In a statement headlined "Egypt denounces Turkish nonsense," the ministry said that the Turkish Foreign Ministry had not "considered the feelings of the martyrs' families and their right to justice."
An Egyptian court on Monday sentenced 183 people to death after finding them guilty of involvement in an attack on a police station and killing 11 policemen in the Giza province's town of Kerdasa two years ago.
The defendants – many of whom are supporters of ousted elected President Mohamed Morsi – were convicted of involvement in the attack that followed Morsi's ouster by the military.
The mass death sentences were harshly condemned by the Turkish Foreign Ministry, which said the ruling was "far from a fair trial" and would not provide Egypt with long-term peace or stability.
The Egyptian Foreign Ministry said the statements came from a government "that is accused by the international community of systematically and blatantly violating human rights, attacking peaceful protesters, raiding newspapers, detaining journalists without trial, and banning social media sites."
The Turkish Foreign Ministry, it went on, "should focus on [Turkey's] internal affairs to rectify these negativities instead of putting its nose in others' affairs, because the Turkish government – with its human rights record – is the last one that should make judgments or give lessons to others."
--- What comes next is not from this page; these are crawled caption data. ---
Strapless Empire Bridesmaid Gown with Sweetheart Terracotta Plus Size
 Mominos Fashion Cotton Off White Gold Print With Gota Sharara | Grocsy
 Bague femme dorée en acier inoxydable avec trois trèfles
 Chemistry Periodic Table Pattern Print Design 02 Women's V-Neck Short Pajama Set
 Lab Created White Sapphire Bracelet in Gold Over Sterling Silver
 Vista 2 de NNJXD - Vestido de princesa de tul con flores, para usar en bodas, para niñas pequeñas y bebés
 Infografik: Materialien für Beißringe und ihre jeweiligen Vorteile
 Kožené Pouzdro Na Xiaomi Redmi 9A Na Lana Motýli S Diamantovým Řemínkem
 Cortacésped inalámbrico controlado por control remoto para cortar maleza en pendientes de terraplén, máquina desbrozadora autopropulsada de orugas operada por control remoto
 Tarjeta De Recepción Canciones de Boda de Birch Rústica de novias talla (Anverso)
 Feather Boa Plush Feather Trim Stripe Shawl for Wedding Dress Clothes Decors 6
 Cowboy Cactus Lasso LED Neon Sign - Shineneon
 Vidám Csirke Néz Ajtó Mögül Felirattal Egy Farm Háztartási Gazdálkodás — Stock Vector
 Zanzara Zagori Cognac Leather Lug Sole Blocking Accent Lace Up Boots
Egypt accused Turkey of "continuously supporting the terrorist [Muslim] Brotherhood group and hosting many of its members and channels that incite murder and terror."
Relations between Egypt and Turkey deteriorated severely after Morsi's ouster by the army in July of 2013, with both countries downgrading their respective diplomatic representation.
Turkish President Recep Tayyip Erdogan insists on calling Morsi's ouster a "military coup."
Egypt, meanwhile, accuses Ankara of interfering in its affairs and ignoring "the will of the Egyptian people."